In 2020, AFGSC oversaw a readiness reset for the majority of the B-1B fleet following a stand-down to allow time for in-depth maintenance. In 2021, the Air Force has directed the retirement of a portion of the B-1 fleet to create a smaller more capable force and make way for the B-21.
When AFGSC first inherited the B-2 from Air Combat Command, there were many logistical and sustainment challenges to overcome. But over time, AFGSC improved sustainment.
“Even with coronavirus, you’ll see the B-2 rolling in and out of 2020 with virtually no changes in readiness,” Morgan said. “It has been, and continues to be, at a very high level of readiness.”
Placing continuous bomber presence missions in the rearview mirror, the B-52 has played a significant role, alongside the B-1B and the B-2, in supporting dynamic force employment—fostering an era of strategic predictability with operational unpredictability and increasing manning availability as personnel can now carry out missions anytime, anywhere from their home stations
“Because you’re not taking groups of Airmen and deploying them for six months in Guam or Al Udeid, they are ready at the homefront all over the country,” Morgan said.
Whether it is from an ICBM, airframe, or aircrew perspective, operational readiness continues to significantly increase across the command due to the ability to accelerate change and innovate in the middle of a pandemic.
COVID-19 created barriers and forced Airmen to socially distance, or work from home. Although distance presented obstacles, it also provided opportunities to increase productivity.
“We’ve learned a lot this year with teleworking,” Morgan said. “We’re able to do a ton of things that we probably would have put on the back burner. Leveraging those tools have really opened our eyes to some of the things we can do virtually rather than physically.”
Teleworking presented opportunities for the command to focus, without distraction, on updating policies, instructions, supplements and mission directives.
“We’re relatively caught up,” Morgan said. “I’ve been with the command since it was stood up and for the first time in my experience, all of our ops AFIs are current. There is not one single one that is behind the power curve.”

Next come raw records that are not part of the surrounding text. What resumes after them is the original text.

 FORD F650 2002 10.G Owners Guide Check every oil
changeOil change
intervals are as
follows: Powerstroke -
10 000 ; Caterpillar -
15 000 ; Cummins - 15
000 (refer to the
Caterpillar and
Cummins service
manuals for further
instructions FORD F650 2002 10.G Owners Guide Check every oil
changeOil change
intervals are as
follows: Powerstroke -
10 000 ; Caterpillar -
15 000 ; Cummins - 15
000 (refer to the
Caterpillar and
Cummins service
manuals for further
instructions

A fundamentally important piece to AFGSC’s success in communication is the fact the command minimizes bureaucracy.
“I’ve worked in MAJCOMs where it’s taken me three or four months to get on the four-star’s calendar, we don’t have that issue or challenge here,” Morgan said. “If it’s important, we can get to the commander within a handful of days or even a handful of minutes, depending on what it is by leveraging a collaborative group and board construct implemented by Gen. Ray.”

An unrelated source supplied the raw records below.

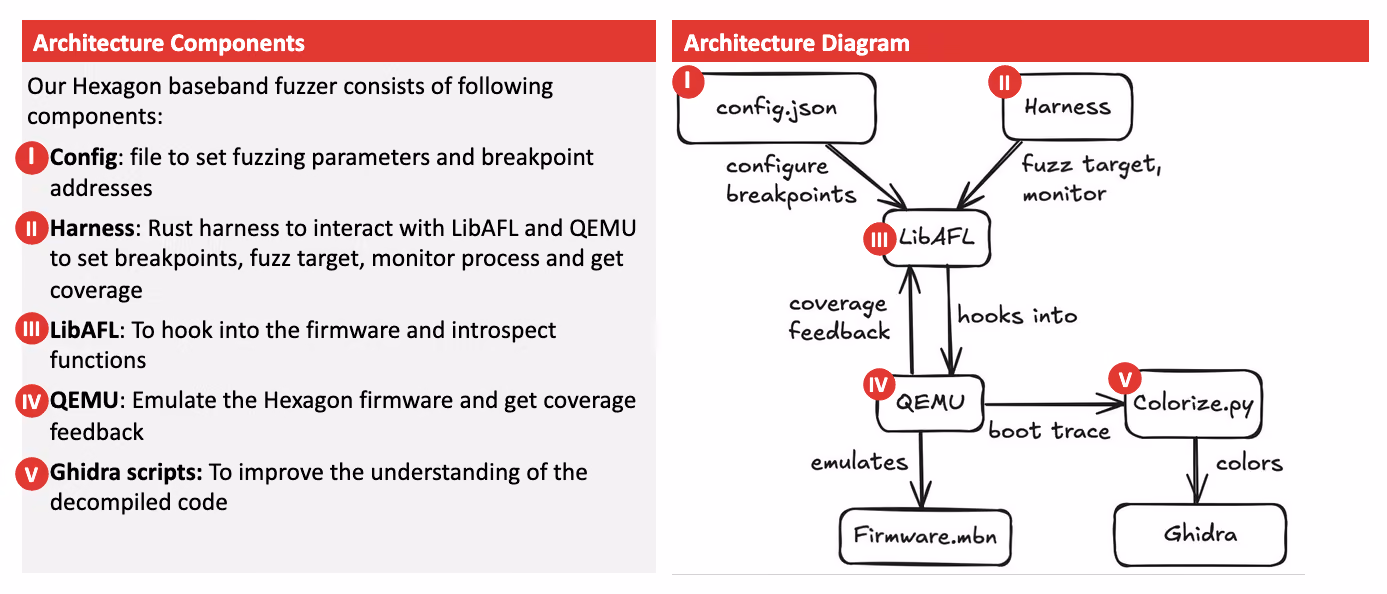 Architecture overview of Hexagon fuzz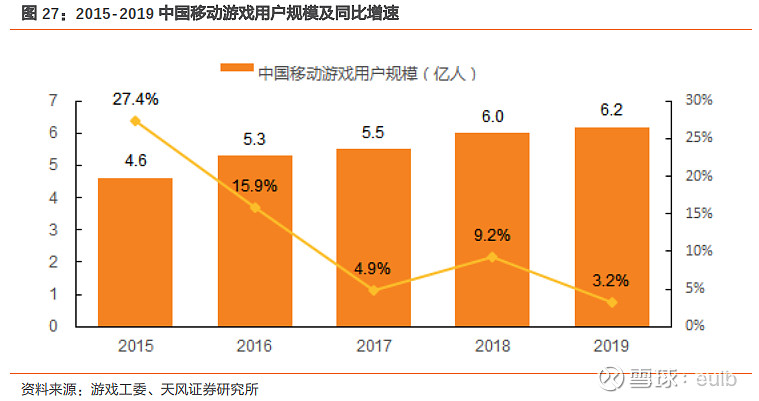 大玩家游戏币一元几个_币玩社区_游戏币玩家是什么意思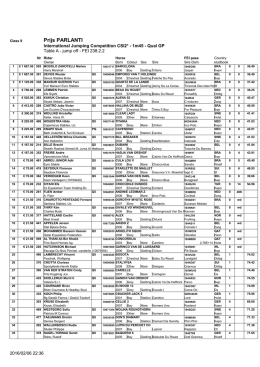 01 csi opglabbeek csi2 feb def
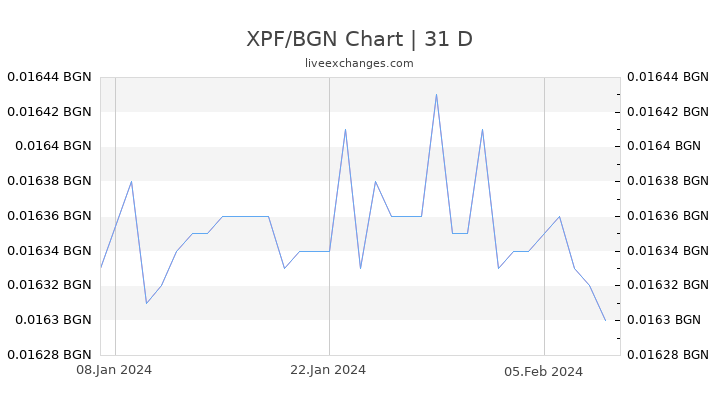 XPF/BGN Chart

Bomber crews, missileers, and all supporting functions have maintained a mission-ready posture throughout the pandemic.
“AFGSC has been extremely successful at managing and mitigating the impact of COVID-19,” said Col. Karyn McKinney, AFGSC deputy command surgeon.

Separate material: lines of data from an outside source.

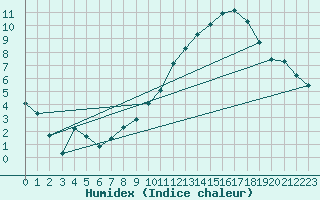Courbe de l'humidex pour Vliermaal-Kortessem (Be)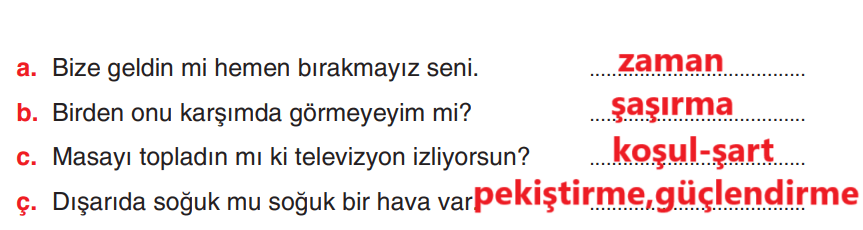 6. Sınıf Türkçe Ders Kitabı Sayfa 246 Cevapları Yıldırım Yayınları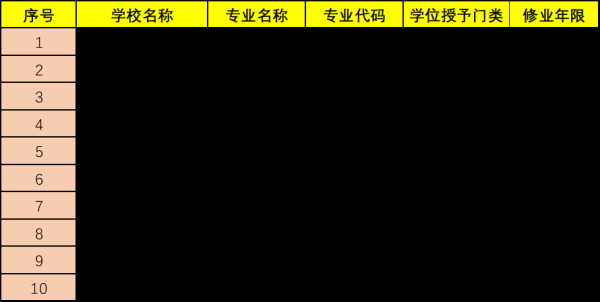 2023年体育单招各院校招生人数？（体育教育市场招生实例）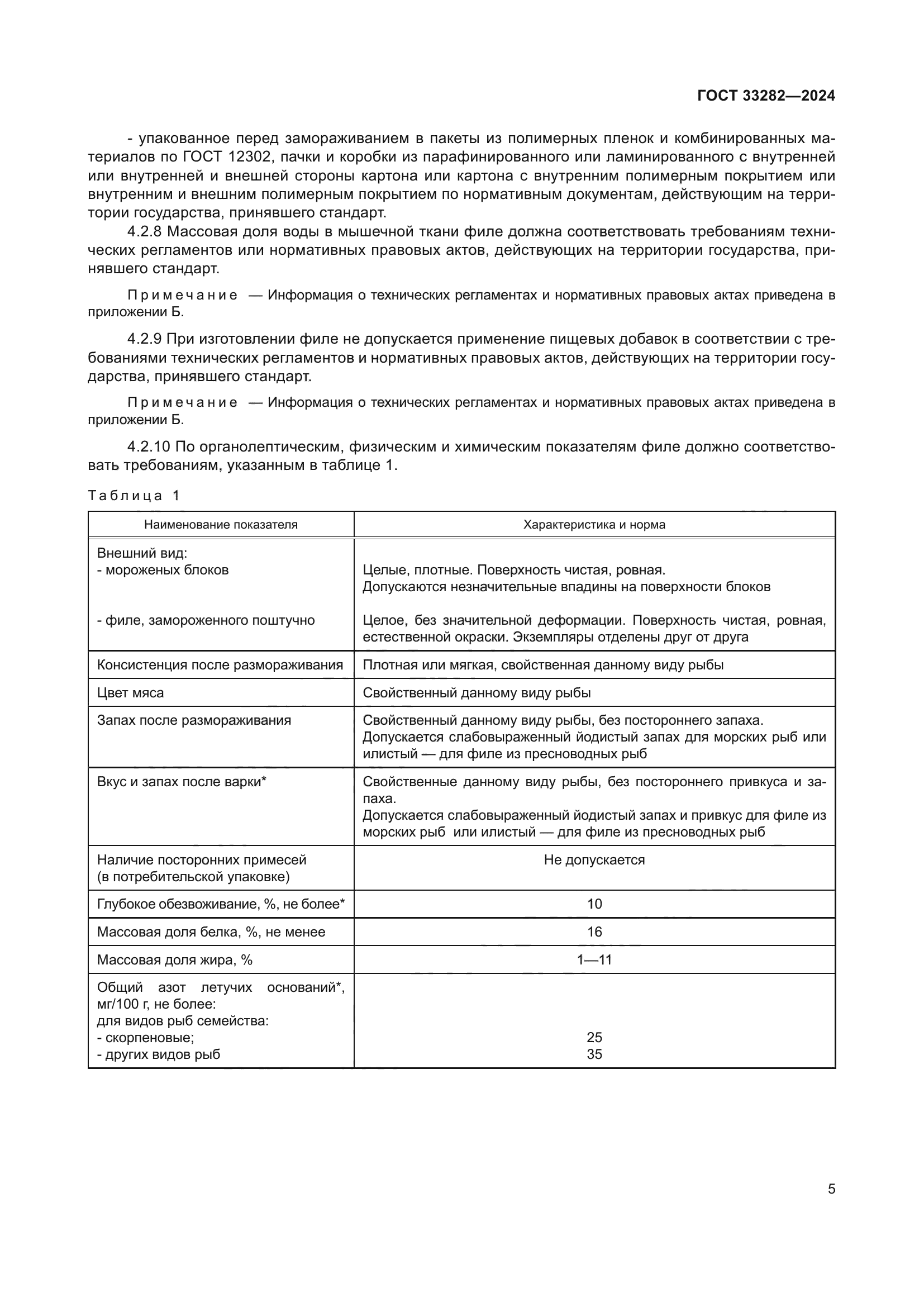 ГОСТ 33282-2024
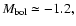 $M_{\rm {bol}}\simeq-1.2,$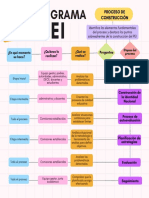 Flujograma: Proceso de Construcción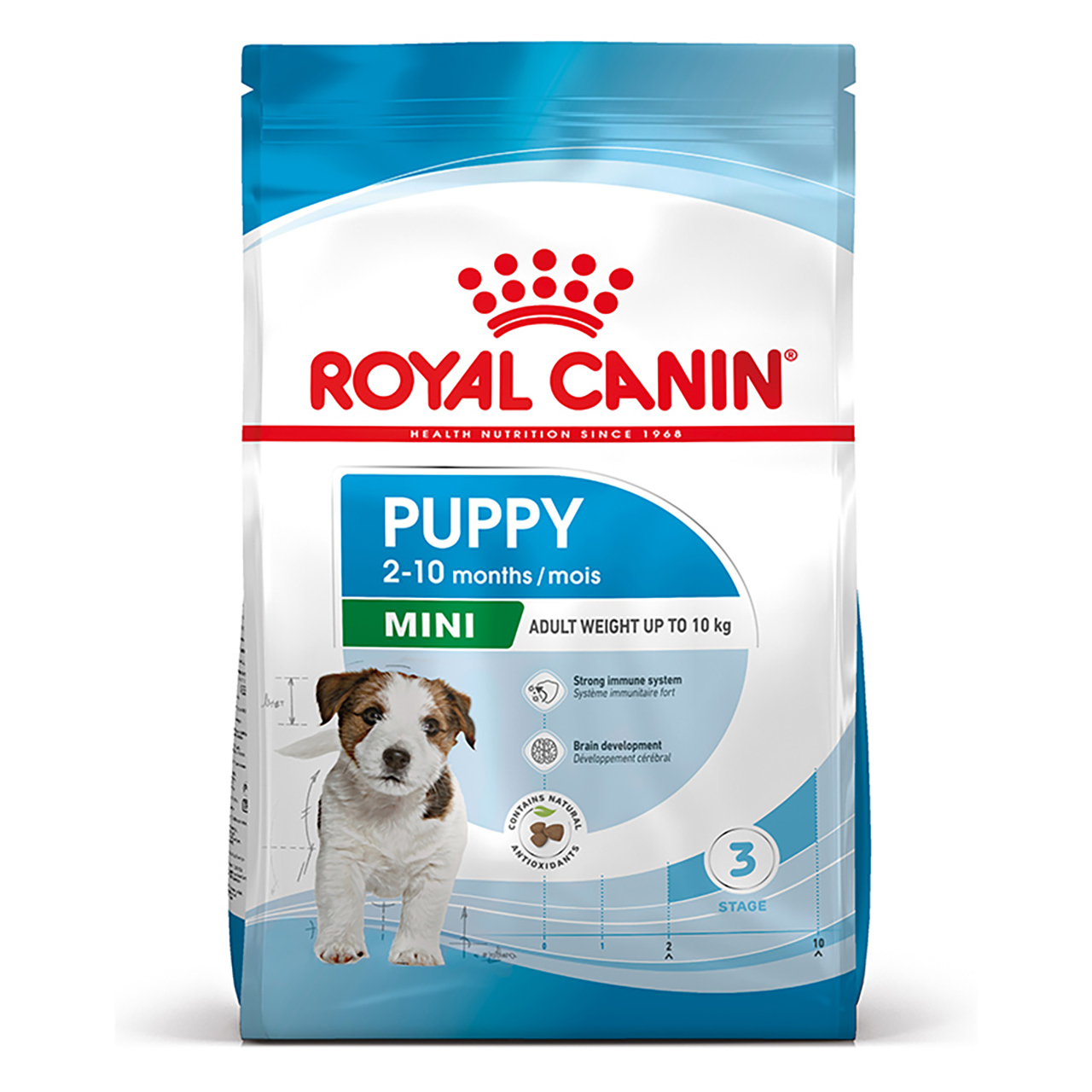 Royal Canin - SHN Mini Puppy - 2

From anticipatory approaches to increased communication, AFGSC’s successes in establishing and maintaining readiness have been the product of a willingness to plan, adapt and innovate.
“COVID got us to communicate more,” Morgan said. “There are some things we are doing now that will never go back.”
However, looking forward to 2021 and beyond, there are many challenges AFGSC must still face, such as force modernization.
“When you go from old to new, there is a bow wave of workload, manpower and resources,” Morgan said. “Looking forward I would call it a target rich environment to overcome challenges and it’s going to require our best talent and abilities to ensure uninterrupted strategic deterrence for our nation.”